The Eastern District of Texas continued in its efforts to compel attorneys to report on all pre-trial jury research including the names of all of the research participants who might otherwise be in the jury pool for the actual trial. Although these measures may be surprising in the modern litigation environment in which pre-trial research in high dollar cases is routinely and matter-of-factly administered, these orders appear to stem from a concern that the venire has a limited number of qualified jurors.

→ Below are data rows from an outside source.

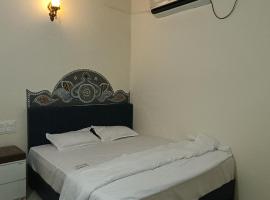 Madhav Homestay, hotel sa Gadhada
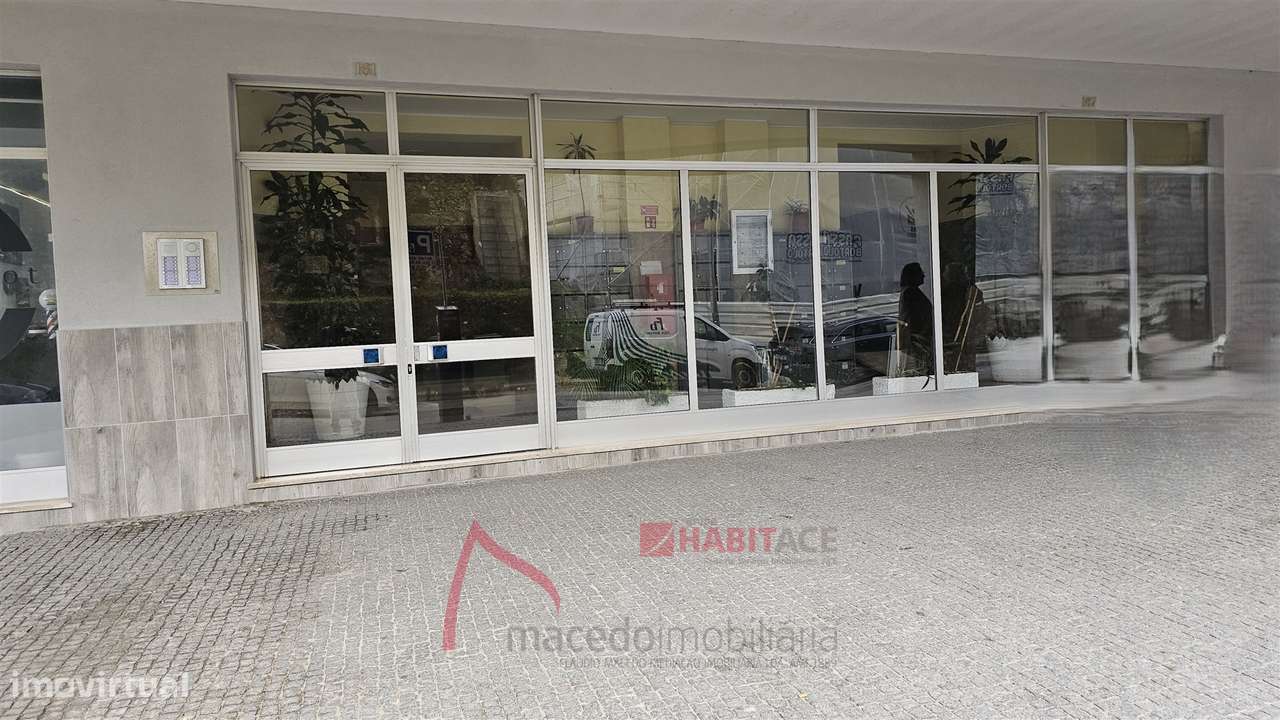 Apartamento T3 Remodelado-31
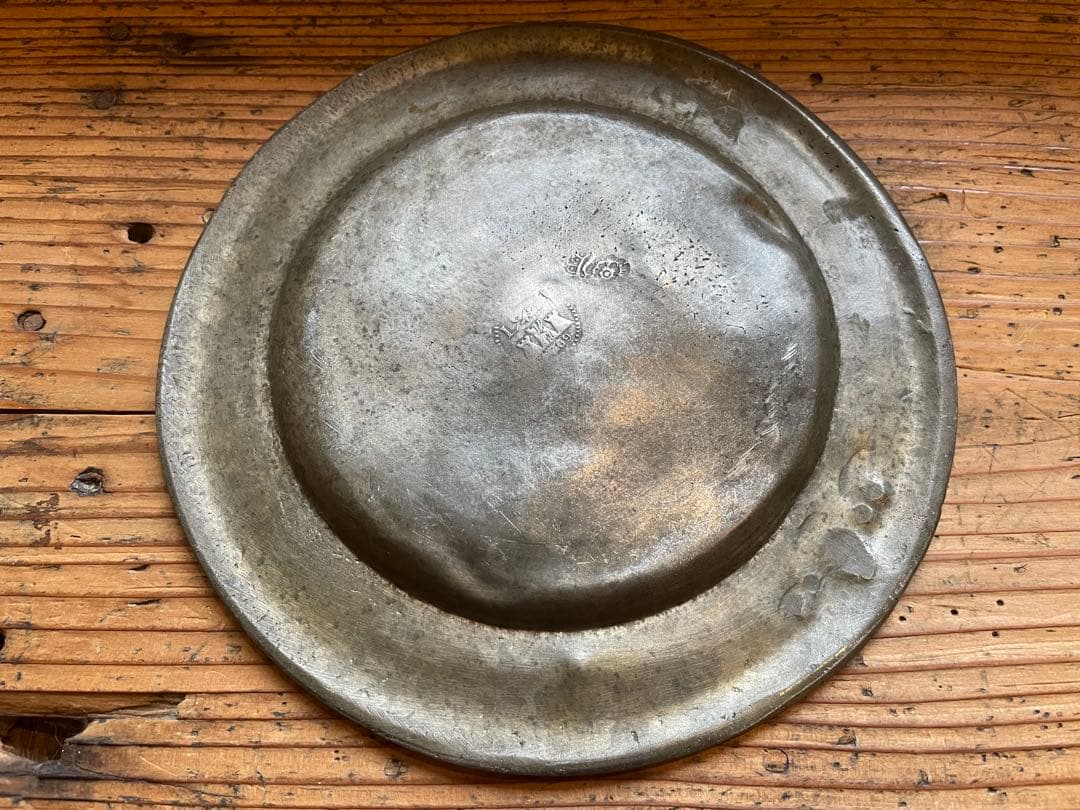 フランス　古いピュータープレート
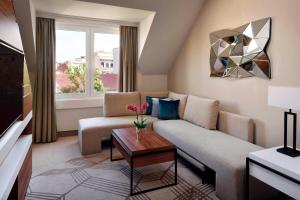 Posezení v ubytování Prague Marriott Hotel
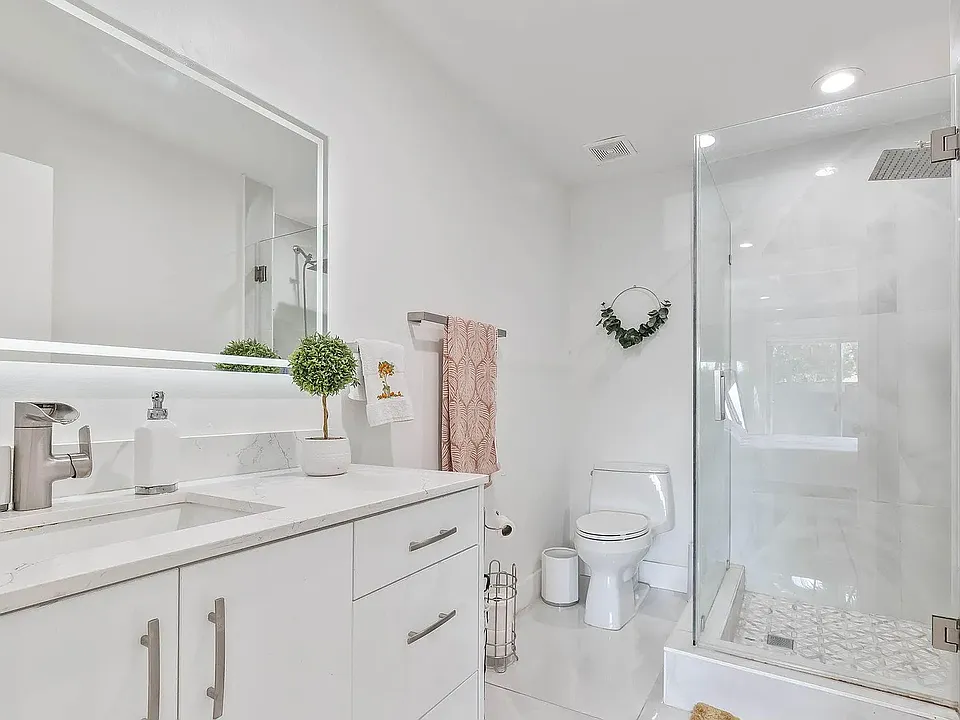 518 Woodgate Cir #E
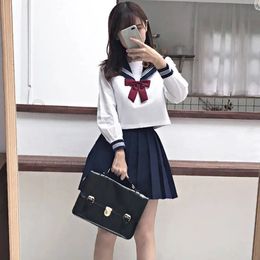 Tweedelige jurk Japanse stijl S-2xl Student meisjes schooluniformen meisjes marineblauw kostuum dames sexy marineblauw JK-pak matrozenblouse plooirok 231012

In a January 3 order on the patent case 3rd Eye Surveillance, LLC v. The City of Fort Worth, Magistrate Judge John D. Love told the parties that “if either party intends to conduct mock trials, focus groups, or similar studies in preparation for trial, the party who commissions such a study shall retain, to the extent practicable, the name and address of each participant in the study. Any party who commissions such a study shall advise the other party to the case, as well as the court . . . Upon receipt of any jury list, the party who commissioned the study shall immediately cross-reference the jury list with the identities of the participants and advise the other party and the court of any prospective juror who participated in any study.”
This order is in keeping with a February 2012 standing ruling by Judge Rodney Gilstrap in the same district who stated that he, along with Judge Roy Payne, “strongly discourages the parties from conducting mock jury trials, focus groups, or other similar studies in which any mock jurors or similar participants reside in the division where the case is pending, ” because “Participation in such studies increases the risk that otherwise qualified venire members will be disqualified from jury service either through participation in such studies or other extrajudicial knowledge concerning the facts of the case or the law to be applied; and WHEREAS: Such risk threatens the administration of justice.” Similarly, the parties were told that if they did pre-trial research anyway, they should retain the names of participants, notify the court and opposing counsel and cross-reference lists of actual jurors.
Although we may be considered biased toward the research end, it should be noted that after two decades of doing pre-trial jury research with thousands of mock jurors all across the country, we have yet to encounter a research participant causing an obstacle to the administration of justice at trial.